Material provided
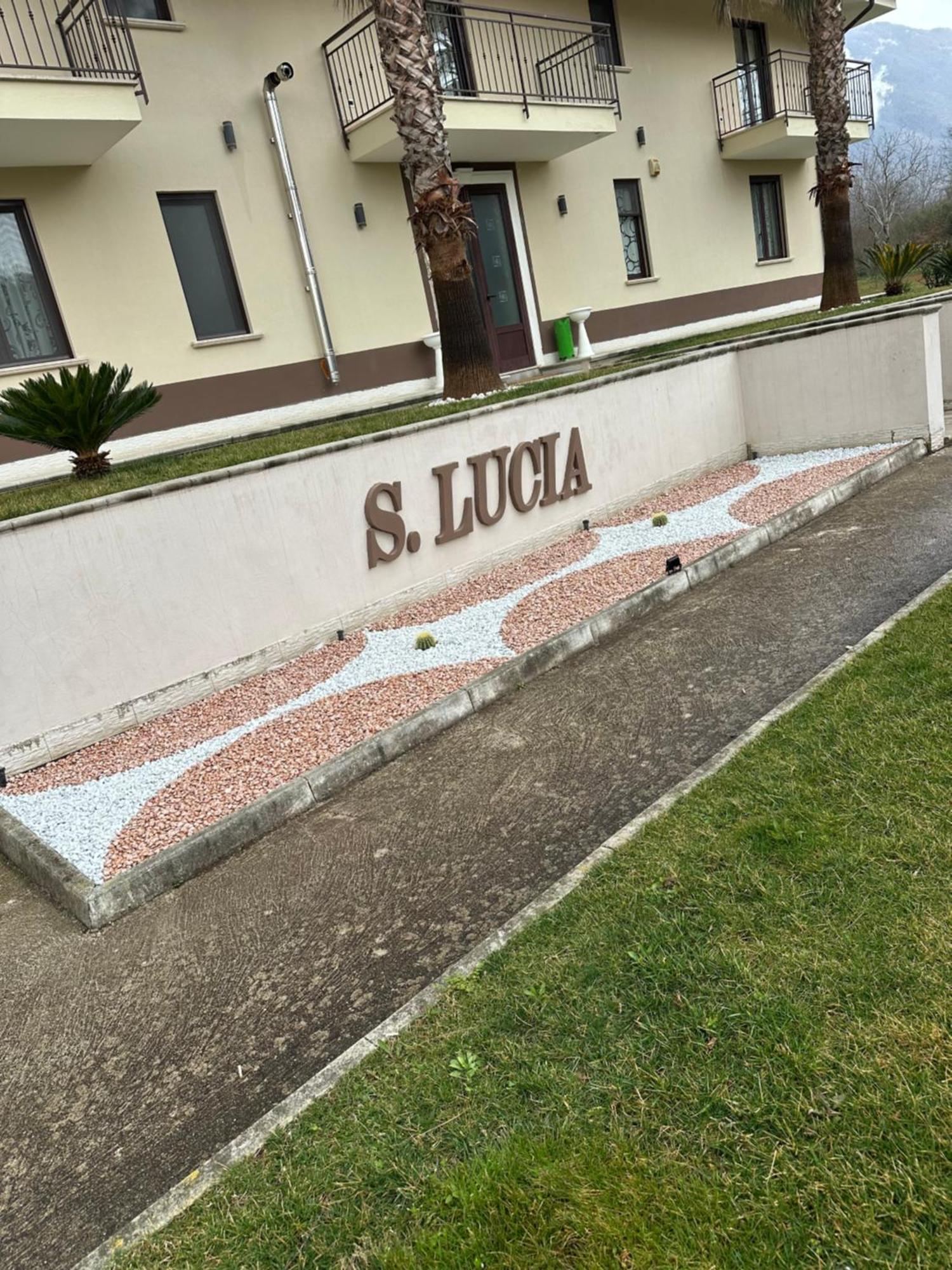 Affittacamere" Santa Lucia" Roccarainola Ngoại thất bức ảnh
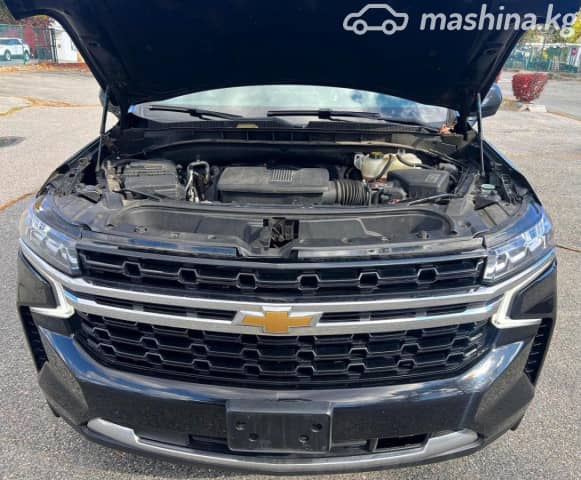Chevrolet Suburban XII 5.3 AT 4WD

* * *

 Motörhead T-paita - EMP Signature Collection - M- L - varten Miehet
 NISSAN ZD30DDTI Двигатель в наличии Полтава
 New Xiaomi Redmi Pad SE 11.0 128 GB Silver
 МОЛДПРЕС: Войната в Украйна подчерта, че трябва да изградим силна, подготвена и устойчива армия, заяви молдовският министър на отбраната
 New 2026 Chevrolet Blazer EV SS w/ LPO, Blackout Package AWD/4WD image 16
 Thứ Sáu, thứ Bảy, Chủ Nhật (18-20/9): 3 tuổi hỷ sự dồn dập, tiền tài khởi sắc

* * *

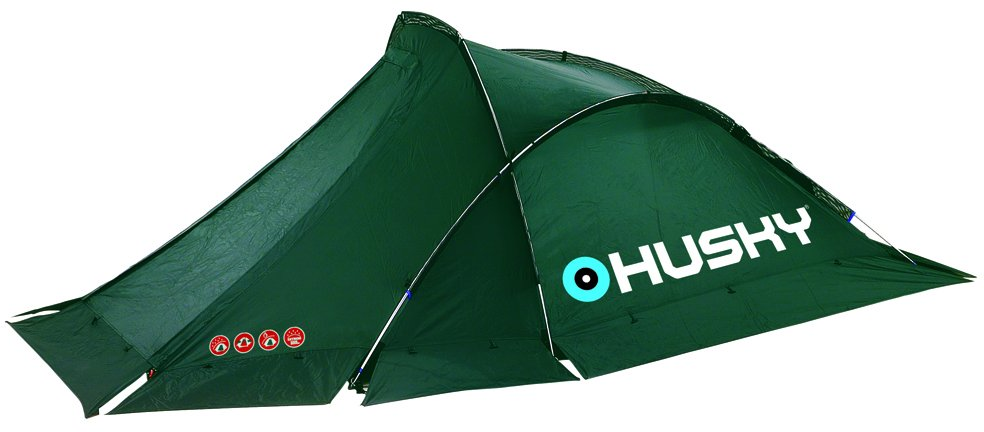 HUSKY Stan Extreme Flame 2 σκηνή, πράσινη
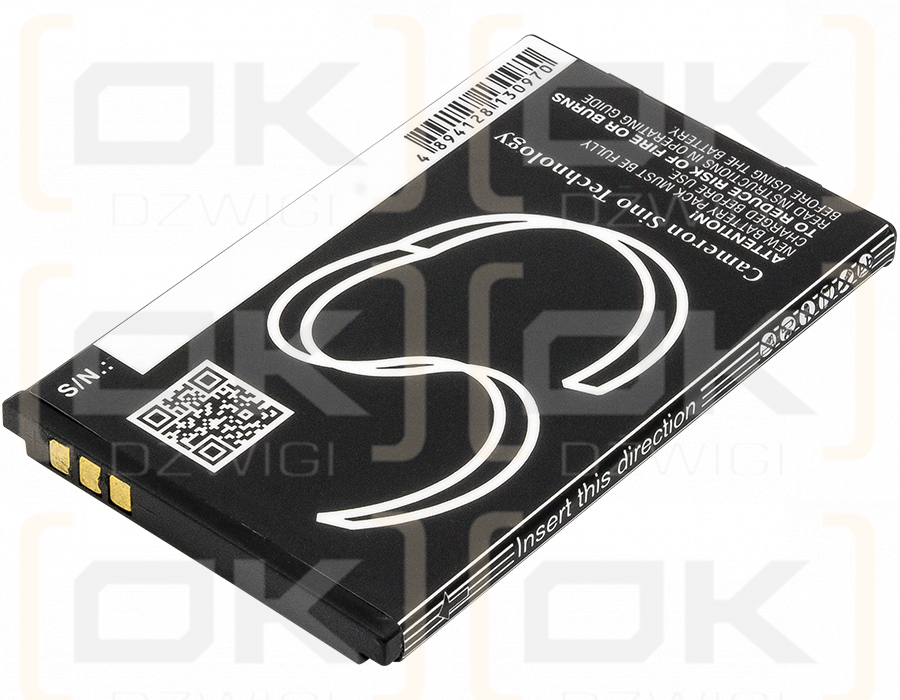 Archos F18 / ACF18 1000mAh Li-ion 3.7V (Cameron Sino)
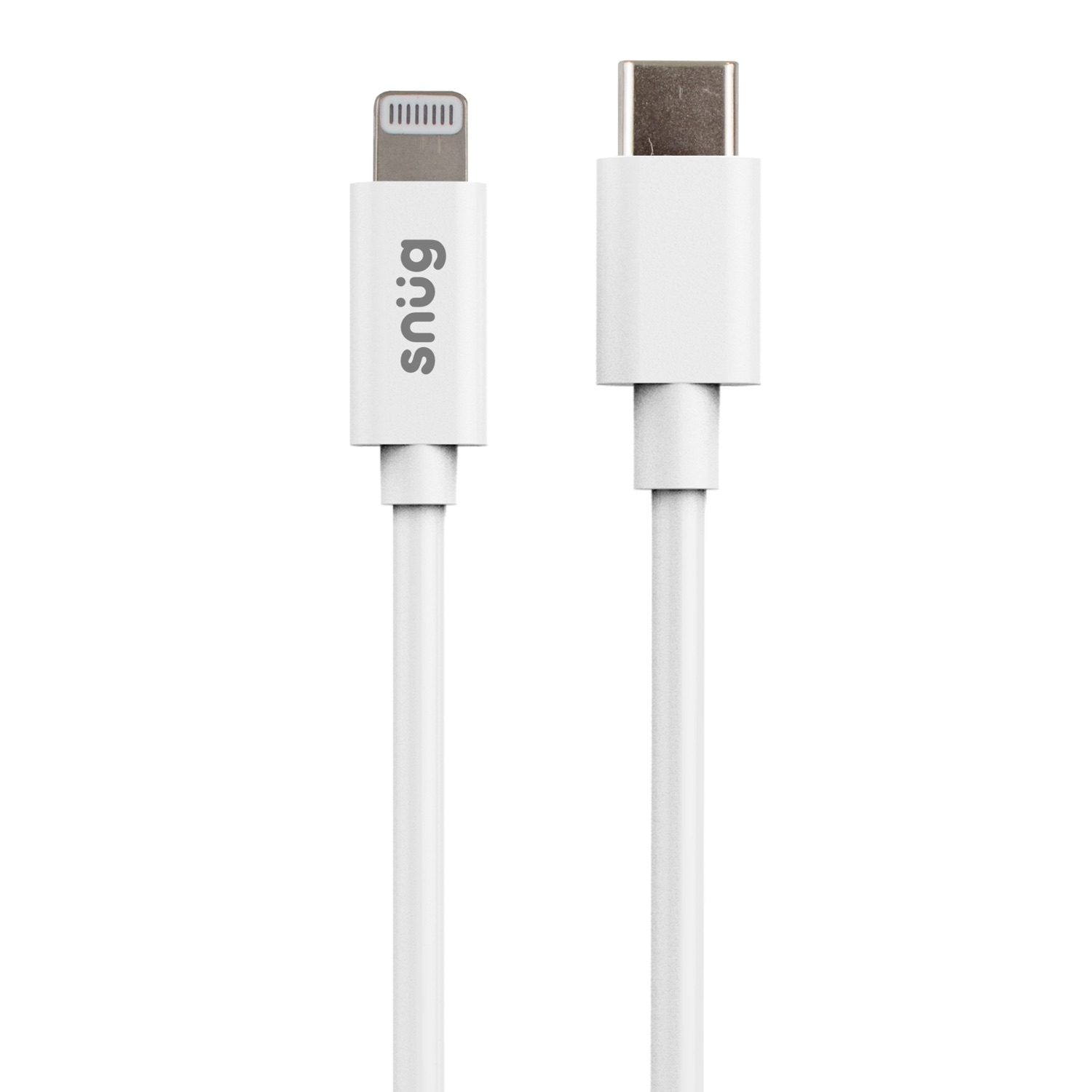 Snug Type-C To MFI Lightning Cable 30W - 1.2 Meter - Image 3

To do
The data above holds the lines to copy: start at the one with "thất bức ảnh", stop at the one with "Chevrolet Suburban XII 5.3 AT 4WD", include both, copy them exactly without pictures, and copy nothing else.

Finished task
 Affittacamere" Santa Lucia" Roccarainola Ngoại thất bức ảnh
Chevrolet Suburban XII 5.3 AT 4WD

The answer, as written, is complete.